No one else heard the remark. Was it a threat? Durell wondered. A promise of destruction later, when it was safer to accomplish? He did not know. He walked on, to join the others.

They paused for an hour on the opposite side of the gorge, then marched on all day, with regular halts for rest. The rain did not stop, except to give way in the late afternoon to a cold, penetrating fog that seemed to crawl right into their parkas. Once they came to a small village of Hunzas and were ferried across a rushing tributary of the Indus on an ancient wooden barge. They camped that night at a stupa, a small Buddha figure, centuries old, erected long ago by travelers on the trail they followed. But there were no recent offerings in evidence at the shrine.
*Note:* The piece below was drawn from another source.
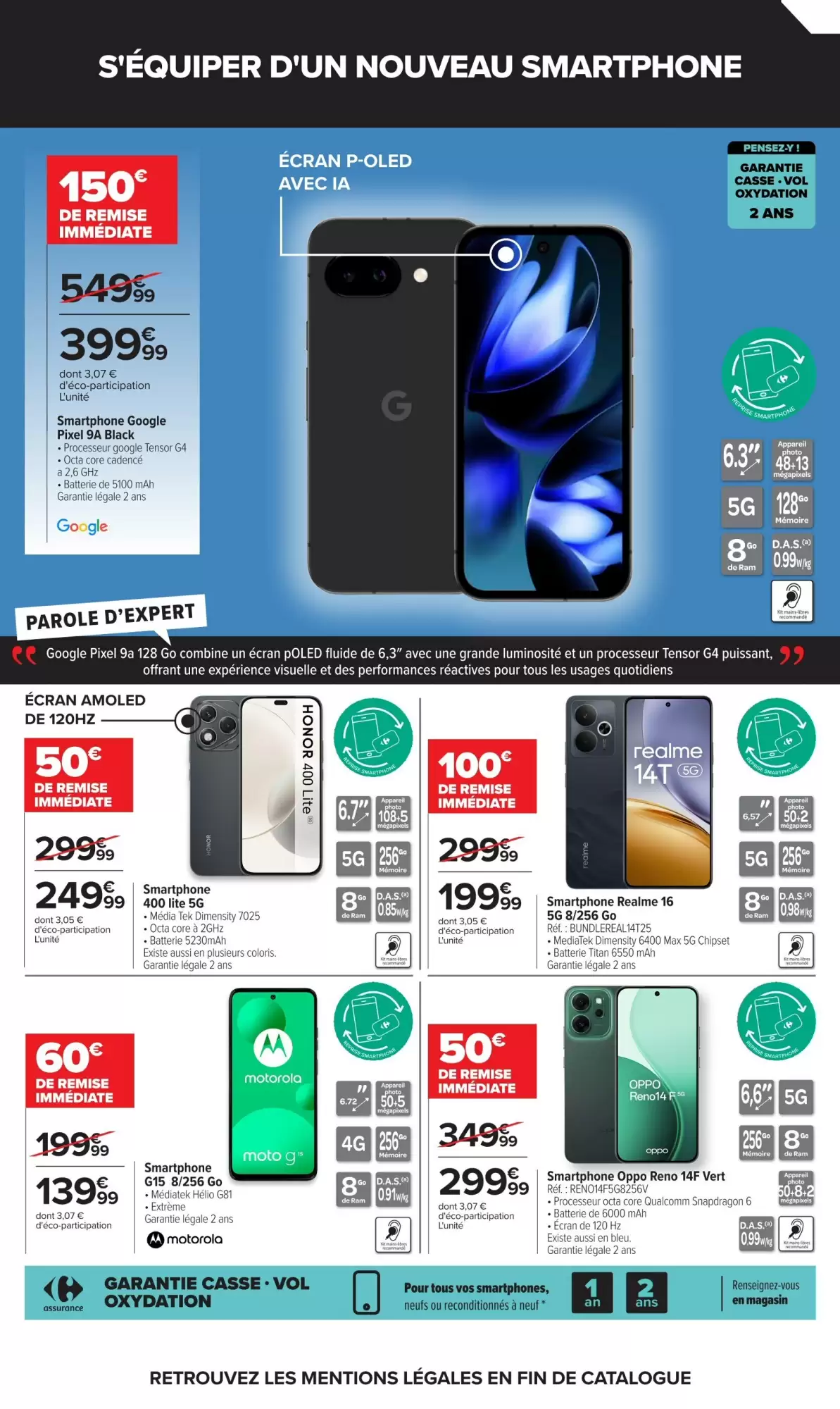 Catalogue Carrefour du 28 avril au 18 mai 2026 - page 22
The second day the ascent was an average of 40 degrees, a steady climb that demanded long traversing techniques, more ferrying across icy glacial streams, and once they fashioned a rope handrail to ford a smaller river, wading chest-deep in the frigid water melted from the ice of the mountains ahead. They camped again in an abandoned monastery that seemed like a miracle in the stony wilderness. No fires were permitted now. They ate cold rations, used their sleeping bags on the stone floor of the crumbling Buddhist building. K’Ayub set out his routine pickets. They all slept in a huddle on the cold common floor of the ruins.